Plötzlich ist Lulas Inhaftierung wieder auf der Agenda
Es folgte eine Serie sich widersprechender Entscheidungen verschiedener Richter für und gegen eine Haftverschonung, bis am Abend Gerichtspräsident Carlos Eduardo Thompson Flores Lenz ein Machtwort sprach und die Fortsetzung von Lulas Haft verfügte. Sogar die Präsidentin des Obersten Gerichts, Cármen Lúcia Rocha, sah sich genötigt, die Kontrahenten zur Mäßigung aufzurufen.
Die nächste Runde ist bereits eingeläutet: Gegen Favreto wurden mehrere Dienstaufsichtsbeschwerden eingereicht, und Moro wurde angezeigt, da er sich trotz seines Urlaubs in einer offiziellen Stellungsnahme für die Fortsetzung von Lulas Haft aussprach.
Eine Niederlage für die PT war die Justizposse allerdings nicht. Die Inhaftierung Lulas ist plötzlich wieder auf der politischen Tagesordnung. Und es wurde deutlich, dass es offenbar vom jeweiligen Richter abhängt, ob ein Urteil für oder gegen den Angeklagten ausfällt.
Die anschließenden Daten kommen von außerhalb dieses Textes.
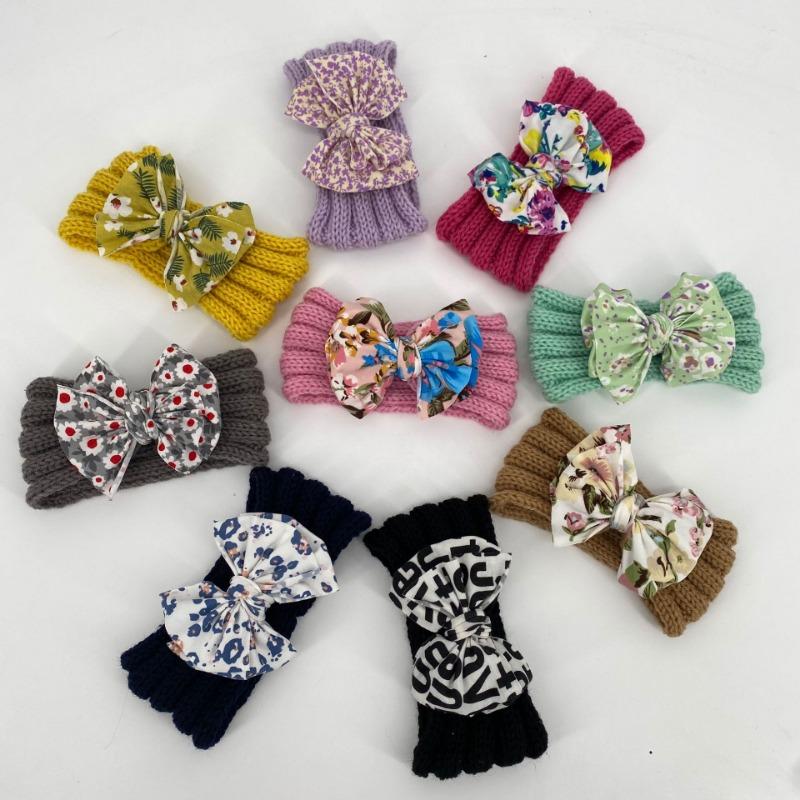 New children's headband headband, printed bow knitted wool headband, baby headgear hair accessories Baby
Gerade im brisanten Fall Lula ist dies ein Armutszeugnis.
Auch die These, dass es nicht nur um Korruption, sondern auch um Politik geht, wurde anschaulich demonstriert: Ein PT-naher Richter lässt Lula frei, während Moro, der der konservativen Unternehmerpartei PSDB nahesteht, ihn unbedingt hinter Gitter und nicht auf Wahlkampfbühnen haben will.
Kaum jemand glaubt noch, dass Lula kandidieren kann
Es ist unwahrscheinlich, dass die Justiz in den drei Monaten bis zur Wahl die vielen Streitfragen im Fall Lula klären wird. Strittig ist nicht nur die Verurteilung wegen Korruption, bei der es um ein Strandappartement geht, das der Baukonzern OAS Lula als Gegenleitung für politische Gefälligkeiten überlassen haben soll. Für die Revision vor dem Obersten Gericht gibt es noch keinen Termin.
Ebenfalls strittig ist die Inhaftierung bereits nach einer Verurteilung in zweiter Instanz. Während sich das Oberste Gericht zuletzt mit fünf zu vier Stimmen dafür aussprach, setzten einzelne Oberste Richter zuletzt mehrere wegen Korruption Verurteilte wieder auf freien Fuß, da sie die Unschuldsvermutung höher bewerten als die Mehrheitsmeinung.
Jenseits der Haftfrage muss die Justiz auch noch über eine Kandidatur Lulas befinden. Er selbst unterzeichnete einst ein Gesetz, dass zweitinstanzlich Verurteilten eine Kandidatur für öffentliche Ämter untersagt. Bislang hält die PT an seiner Kandidatur fest, doch kaum jemand glaubt noch ernsthaft daran, dass sein Name auf dem Wahlzettel stehen wird.
Wild spekuliert wird über den Namen, den Lula unterstützen würde, wenn er nicht selbst antritt. Sein Kandidat hätte beste Chancen, den zweiten Wahlgang zu erreichen. In Wahlumfragen ohne Lula führt derzeit der rechtsradikale Jair Bolsonaro, der schon ankündigte, mehrere Militärs in sein Kabinett zu bitten.